Esta mañana lo supimos gracias a The Local, periódico internacional de noticias suecas en inglés. Ingmar Bergman, niño sin padres, infancia psicótica y preñada de dolor cinematográfico, el avistador del fuego, no era el hijo biológico de Ernst y Karin, los protagonistas de Las mejores intenciones. Ingmar Bergman, niño de nadie y coleccionista profesional de miedos, el eterno poeta de lo gélido y de la compasión imposible, el que terminó su filmografía con una madre que pronunciaba apenas dos palabras ("...mi hija"), el que una vez muerto ha sido re-colocado biográficamente por su propia nieta, prueba de ADN mediante.
Qué podría decir yo, salvo imaginar quizá por qué Bergman fantaseó durante toda su infancia ser hijo de otros padres mejores (los famosos artistas de circo de Fanny y Alexander o de Linterna mágica), o por qué retornaba una y otra vez al problema del niño abandonado, el niño incrédulo, el niño sin raíces, el niño odiado secretamente por un fantasma materno que lo despreciaba hasta las heces. Ahora se muestra, como en un espejo, todo el dolor de un hombre que escribió, en el guión de Persona:
Sufriste durante varios días. Finalmente el bebé nació con fórceps. Miraste con disgusto y terror a tu bebé chillón y susurraste: “¿No puedes morirte pronto? ¿No puedes morirte?”. Pero sobrevivió. El niño gritaba día y noche, y tú lo odiabas. Estabas asustada y tenías remordimientos de conciencia.
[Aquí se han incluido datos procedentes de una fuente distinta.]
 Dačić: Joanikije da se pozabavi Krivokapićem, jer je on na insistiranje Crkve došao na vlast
Todo estaba allí, en cierta medida. El hijo, la madre, la sangre. Tres vértices que se deslizan una y otra vez por su filmografía como una planta carnívora. En el umbral de la vida, Sonata de Otoño, El rostro de Karin... de pronto todas las cintas han recobrado una vitalidad terrorífica, se han convertido en cosas que chillan y se desgarran en la oscuridad, el asesinato del niño en La hora del lobo, todas las mujeres que abortan aquí y allá en su filmografía, el niño abandonado y roto de Un verano con Mónica, niño al que su padre sostiene heróicamente frente a su espejo.
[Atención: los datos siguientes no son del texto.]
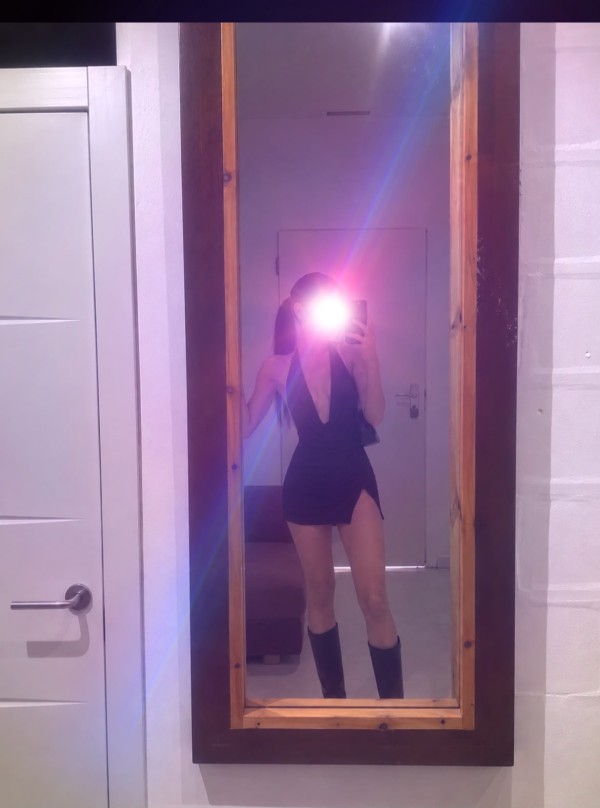 CLAUDIA, JOVENCITA ESPAÑOLA DE 23 AÑOS DELGADITA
El cine de Bergman, de pronto convertido por obra y magia de una revolución/revelación total en el cine del huérfano, el cine de la ausencia, el cine del abandono. Todo estaba ya, qué duda cabe, saturando cada uno de los textos y de los fotogramas que conforman sus íntimas y dolorosas confesiones. La niña de Infiel convertida en carne fresca para antropófagos, los huérfanos europeos que golpean desesperados los cristales del tren en La sed, suma y sigue. De pronto, como ocurre a veces, me gustaría volver a escribir desde el principio toda mi tesis doctoral, regresar desde la primera cinta y revivir la extraña y profunda fascinación que, año tras año, he sentido ante la obra del cineasta sueco. Ahora tenemos otra pieza del puzzle, quizá no la definitiva -sigo pensando que la definitiva, sin duda, se llama "Historia de Europa en mitad del Gran Naufragio postHolocausto", pero de eso ya hablaré en otro momento- pero al menos una lo suficientemente sólida como para explicarnos por qué un hombre se obligó, en más de 50 películas, a reescribir su propio nombre.
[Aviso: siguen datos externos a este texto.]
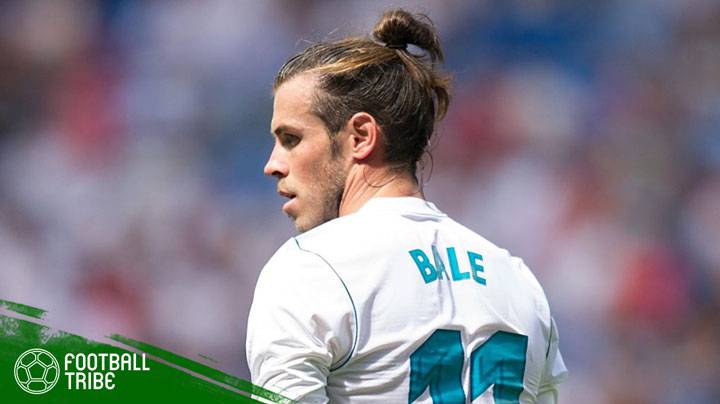 Bos Real Madrid, Carlo Ancelotti, memberikan petunjuk Gareth Bale di tengah perbincangan Tottenham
Y es que, después de todo, si al menos una minúscula parte de lo que Lacan dijo en su "Seminario III" ha resultado ser cierto, la labor vital de ciertos hombres no es sino reescribir su nombre en mitad del dolor, reescribirlo hasta que por fín queda grabado para siempre en la mueca de un cadáver, o a lo peor, en la lápida de un cementerio.